# Aim of the exercise
Your answer must be the records below, reproduced exactly.

# Provided material
[Start of section]

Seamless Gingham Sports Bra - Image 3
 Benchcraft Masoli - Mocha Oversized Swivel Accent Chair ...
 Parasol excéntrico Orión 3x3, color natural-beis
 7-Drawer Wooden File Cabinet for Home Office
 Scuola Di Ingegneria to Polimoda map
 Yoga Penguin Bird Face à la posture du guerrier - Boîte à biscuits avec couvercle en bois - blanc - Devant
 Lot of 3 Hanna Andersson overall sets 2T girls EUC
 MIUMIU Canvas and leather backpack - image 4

[End of section]

# Task answer
Seamless Gingham Sports Bra - Image 3
 Benchcraft Masoli - Mocha Oversized Swivel Accent Chair ...
 Parasol excéntrico Orión 3x3, color natural-beis
 7-Drawer Wooden File Cabinet for Home Office
 Scuola Di Ingegneria to Polimoda map
 Yoga Penguin Bird Face à la posture du guerrier - Boîte à biscuits avec couvercle en bois - blanc - Devant
 Lot of 3 Hanna Andersson overall sets 2T girls EUC
 MIUMIU Canvas and leather backpack - image 4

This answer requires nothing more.